About this task: Please write out exactly the line containing "Volkswagen Transporter 2.0" below and every line after it, through the last one, but leave out any pictures.

Input data section start

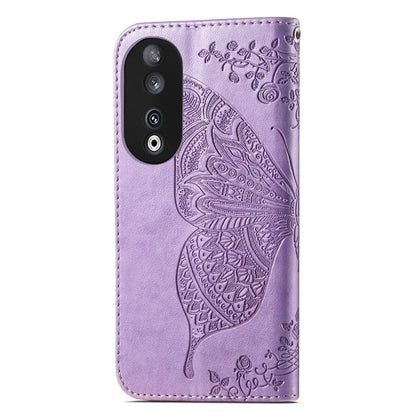 For Honor 90 Wallet Case with Card Holder Butterfly Pattern Folio PU Leather Phone Cover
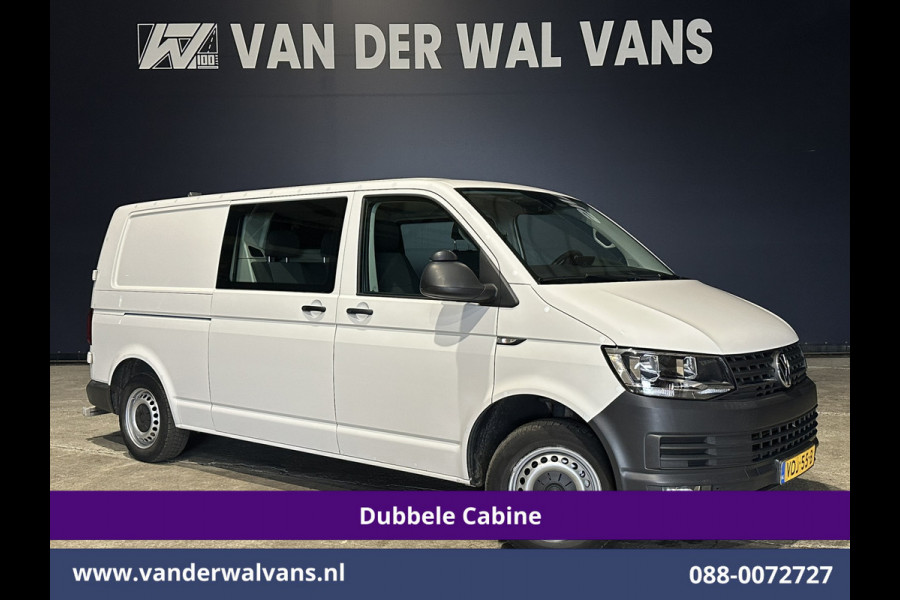 Volkswagen Transporter 2.0 TDI 150pk L2H1 Dubbele Cabine Euro6 inrichting Airco | 5-Zits | Camera | Cruisecontrol | 2500kg Trekhaak Parkeersensoren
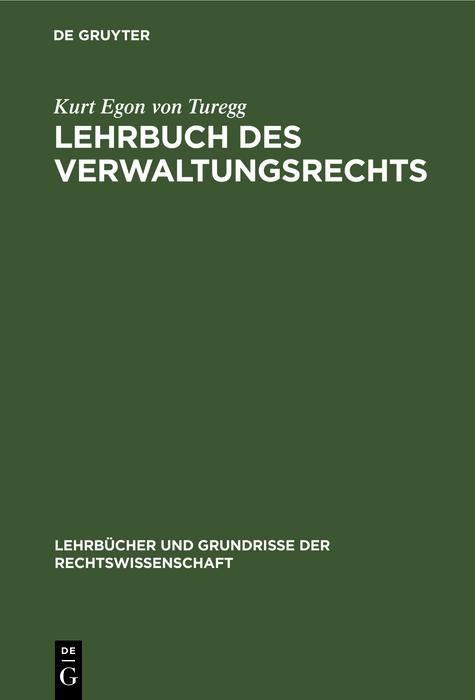 Produktbild: Lehrbuch des Verwaltungsrechts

Input data section end

Exercise output:
 Volkswagen Transporter 2.0 TDI 150pk L2H1 Dubbele Cabine Euro6 inrichting Airco | 5-Zits | Camera | Cruisecontrol | 2500kg Trekhaak Parkeersensoren
 Produktbild: Lehrbuch des Verwaltungsrechts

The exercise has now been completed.